同業者S曰く、この住職が広大な墓地を、3✕3の9分割にして、真ん中にマンション。

北側に入り口等を造ったとのこと。

但し、完成してから三年、住人が一人も住んで居ない為、この度リフォーム工事をして、今のブームに沿った部屋づくりを希望らしい。


所在はJRの某駅から徒歩5分、国道より20mほど階段下に位置する。

交通条件に関しては誠に素晴らしいが、立地が問題で、地元の不動産業者も手を引く物件。

ネットを介して勧誘するも、現地内覧になると、エントランスを見ただけで、

土地に足を踏み込むこと無く帰る。


それは、当然かと思われる。

広大な墓地の中心に建つ物件で、どの部屋からも眼下には墓所が見えるのだから。

それでいて、事故物件等では無いので、家賃はその地元の相場のままである。


この物件は、同業者Sが施工した。

図面を確認したが、特に問題の無い物件である。

土地を除いては…。

一番の懸念があるので、同業者Sに聞いてみた。

建物の場所も、元は墓地、過去の航空写真をみても、

墓地だったから、どこに移動をしたのかが問題なのだ。

住職曰く、墓地では無く、敷地内に納骨堂を用意して移設したとか。

納骨堂の場合、期限が切られ、最終的には合祀されるのだ。

それも計算尽くなのだろうね。

工事に際して、土地のほぼ中央に、水源である井戸があった。

元々、真ん中に水屋と井戸があった筈。


予想だが、移設しなかったのかと。

つまり、埋まって………か?


これも要因の一旦なのかも知れない、幾つもの結果が重なったのだろうね。


内見するのに、エントランスホールに入った感想。

放置していたからか、空気の入替えすらやってない。

その態度が原点であるのも、気付かないのがマイナス。

どんより、ひんやりしたね。

部屋までの廊下は、内廊下で、照明も最低限なので薄暗い。

昼間でも灯りを付けないとだね、多分タイマーかセンサーだから、夕刻までは暗いままだね。

現状を知る為に、1階の部屋に入る。

良くあるワンルームの造り、玄関から左手ユニットバス、トイレと並び、右手はミニキッチンと冷蔵庫置き場。

トイレは別の造りはまだ良し。

正面部屋側への開き戸、開けて入る。

フローリングだと思ったら、和室だった。

薄型の畳に、付長押つけなげし、収納はクローゼットと重いきや、普通に押入れ。

ベランダを見る、目の前に広がる墓地、洗濯機置き場もあった。

まさか全部か?と他の部屋も確認する。

普通のワンルームの部屋もあった。

つまり、ランダムで和室だったりする訳だ。

何だよこれ………

うん、無理。

相手にしない事にした。

リフォームの仕様が多すぎて、それでいて見積する前から、「安くしろ安くしろ安くしろ」とやかましい。

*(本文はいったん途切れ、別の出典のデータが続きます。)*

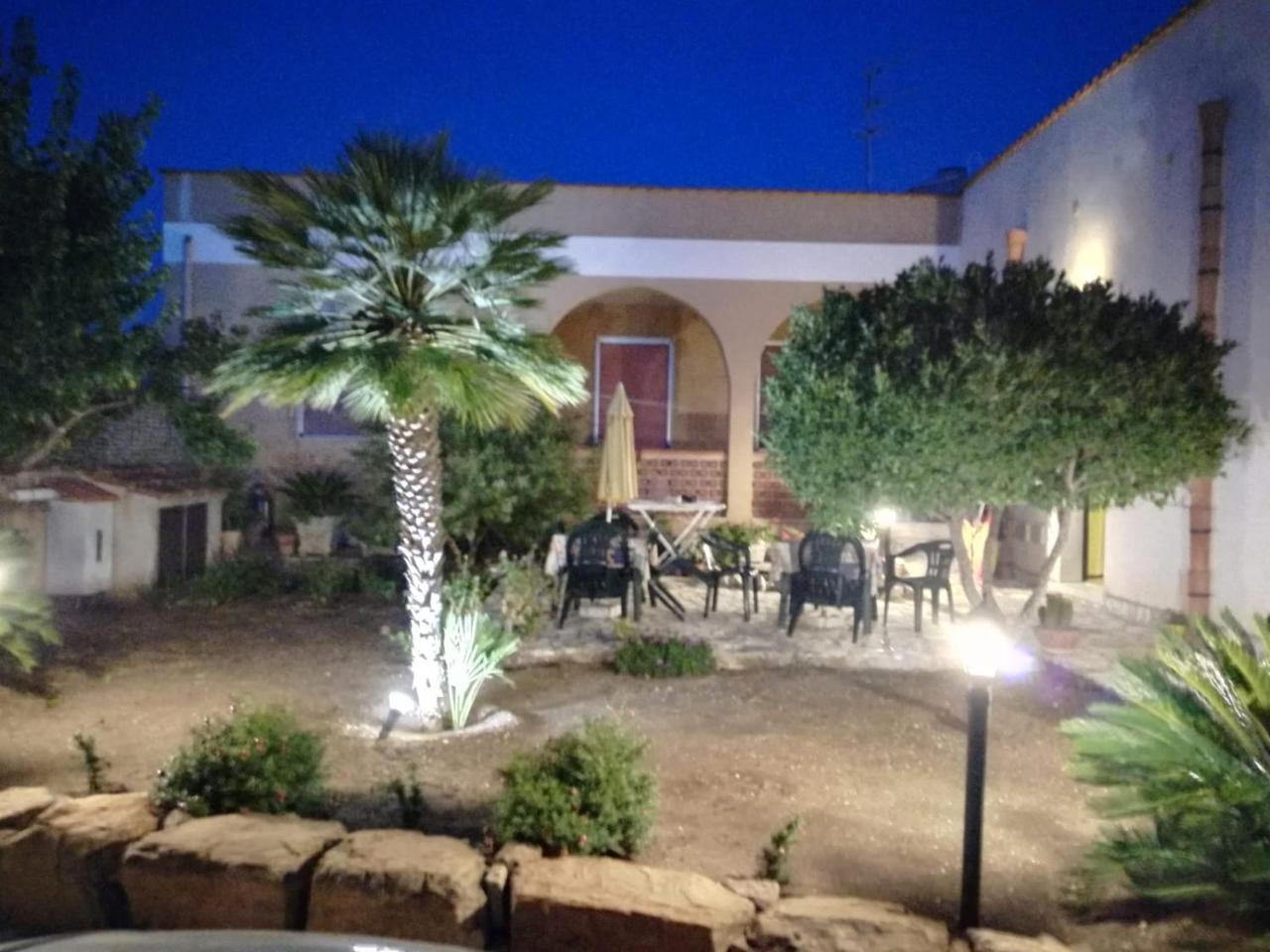 Baglio Messina Vacanze Custonaci Esterno foto
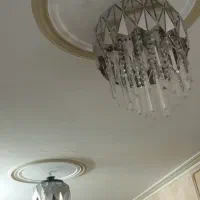 لوستر خورشیدی|لوستر و چراغ آویز|همدان, |دیوار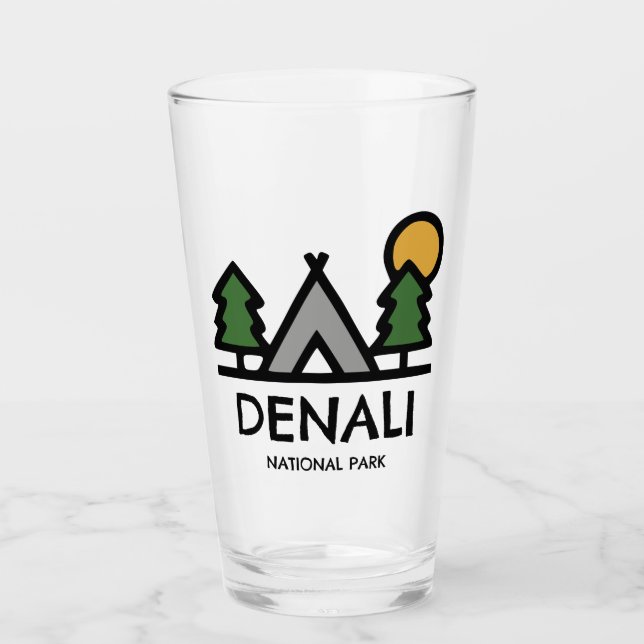Parque nacional Denali (Anverso)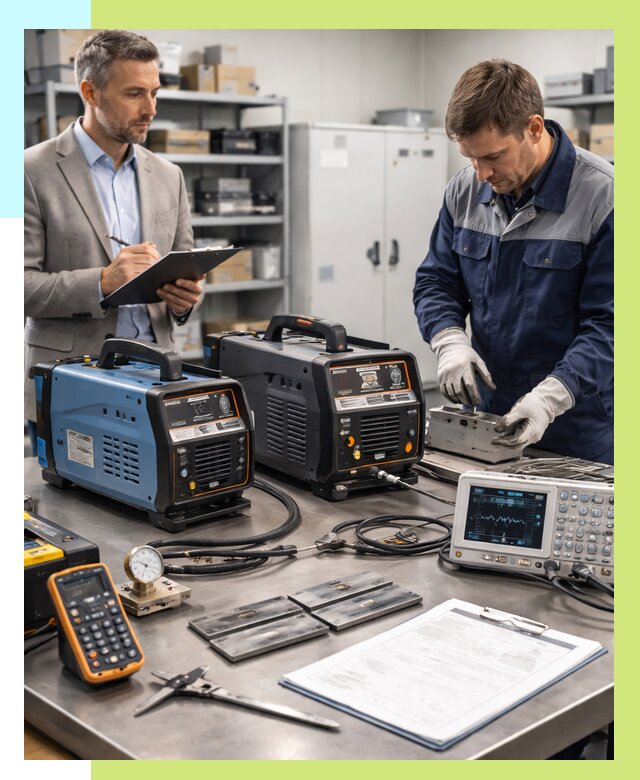 Сертификация сварочного оборудования в Ахтубинске от 18639 р.|Алешин-Хтб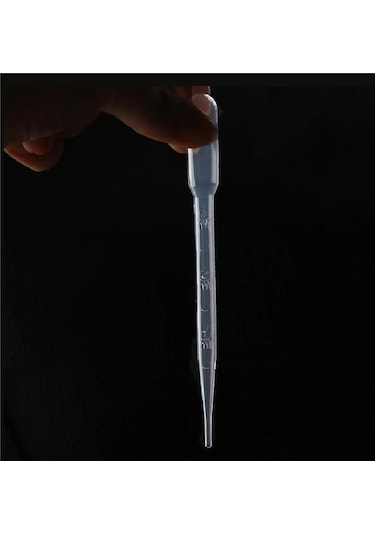 Damlalık Pastör Pipeti 3 Ml-ölçülü Çizgili-1 Adet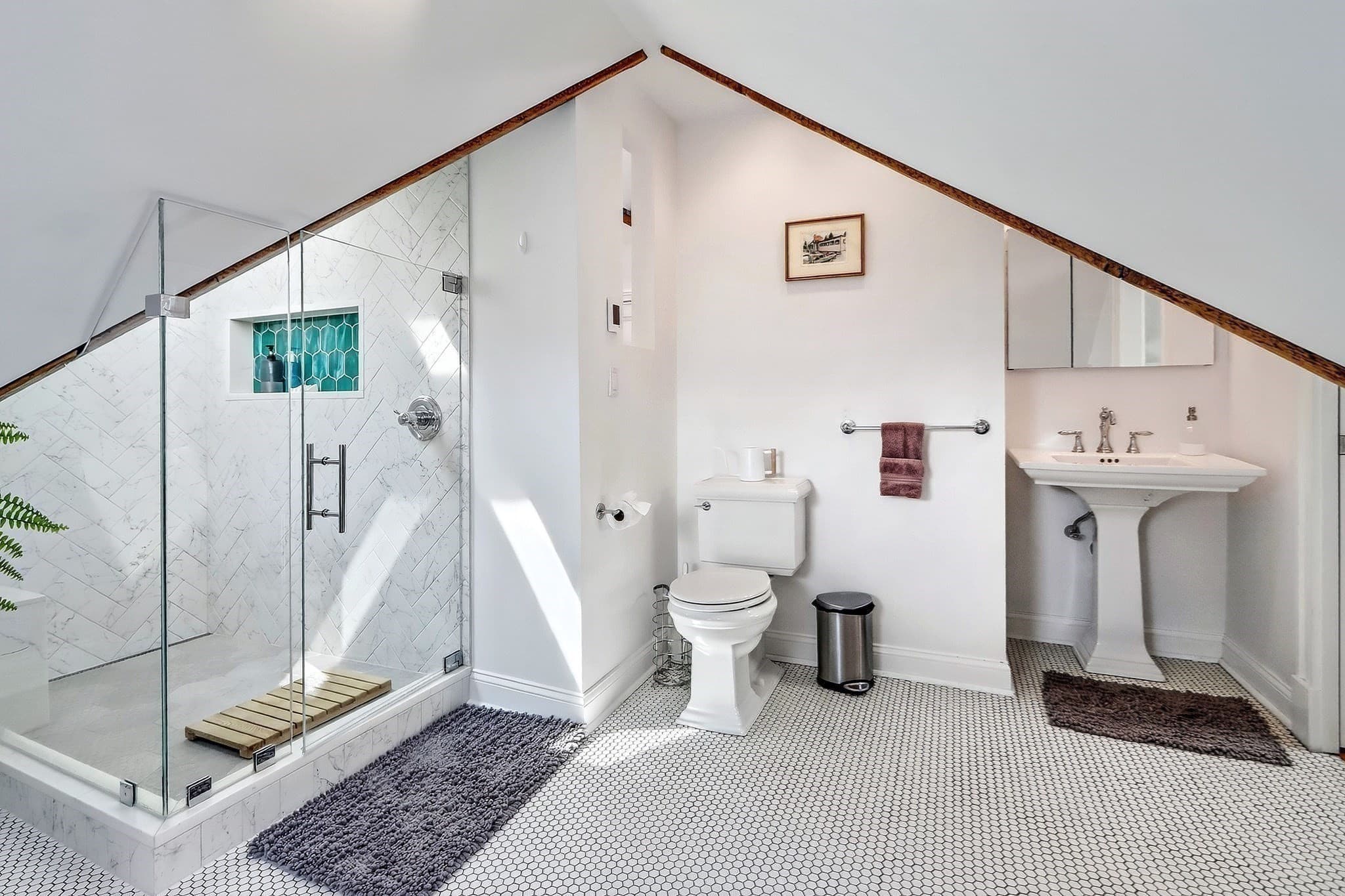 Single Family Residence at 12 Lorette St, Boston MA 02132, photo 34 of 42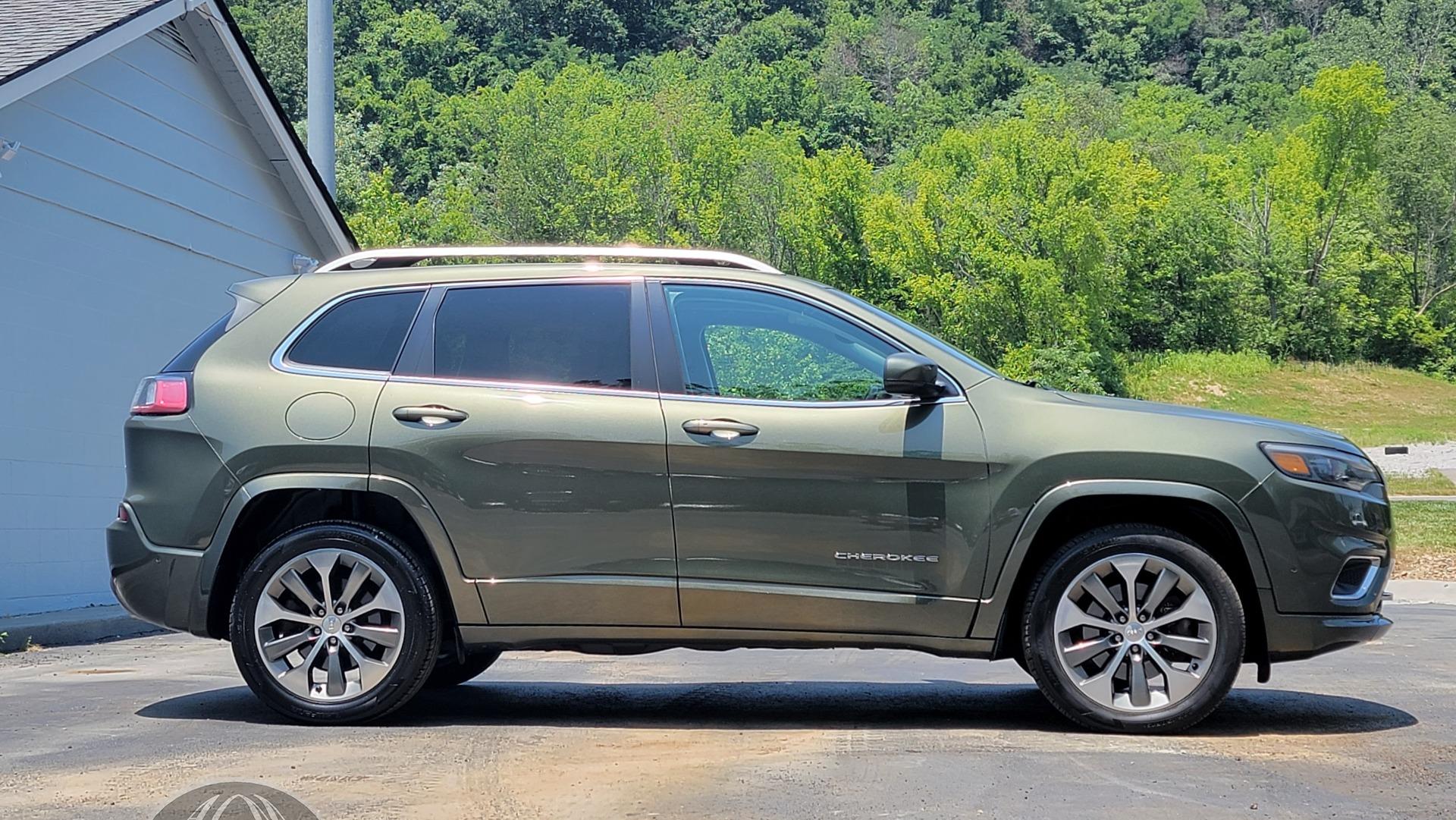 Used 2019 Jeep Cherokee OVERLAND 4X4 TECHNOLOGY GROUP For Sale
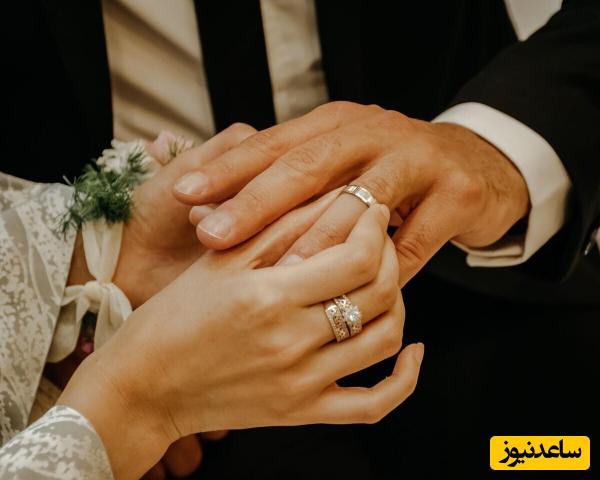 عکس یهویی عروس و داماد کانادایی برنده جایزه بین المللی شد/ فقط بخاطر اون موجود مزاحم توی عکس عجب پولی به جیب زدناا!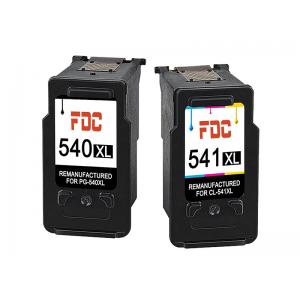 China Canon Remanufactured Ink Cartridges , PG - 540 Ink Cartridges Pixma MG4250 Refill supplier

適度に流し、同業者Sには、にっこりしつつ「次は無いからな」と軽く脅しておいた。


余談ですが、その後、同業者Sは消えたんですよね。

どうしたんだろうね、怖い所にもこの案件持って行って………。

気にしない気にしない。


結局、全てが有耶無耶になりました。


この物件は、現在も空室で、夜に見ると墓所の真ん中に立つ、巨大な墓石に見えますよ。

外装は真っ黒な吹き付け仕上げでしたから。

「安く安く」の元に造られているので、外装塗装も、色褪せてきて、黒から灰色っぽく、さらに墓石感近くなっていますね。


今回は、「こんな物件もあるんだよ」な話でした。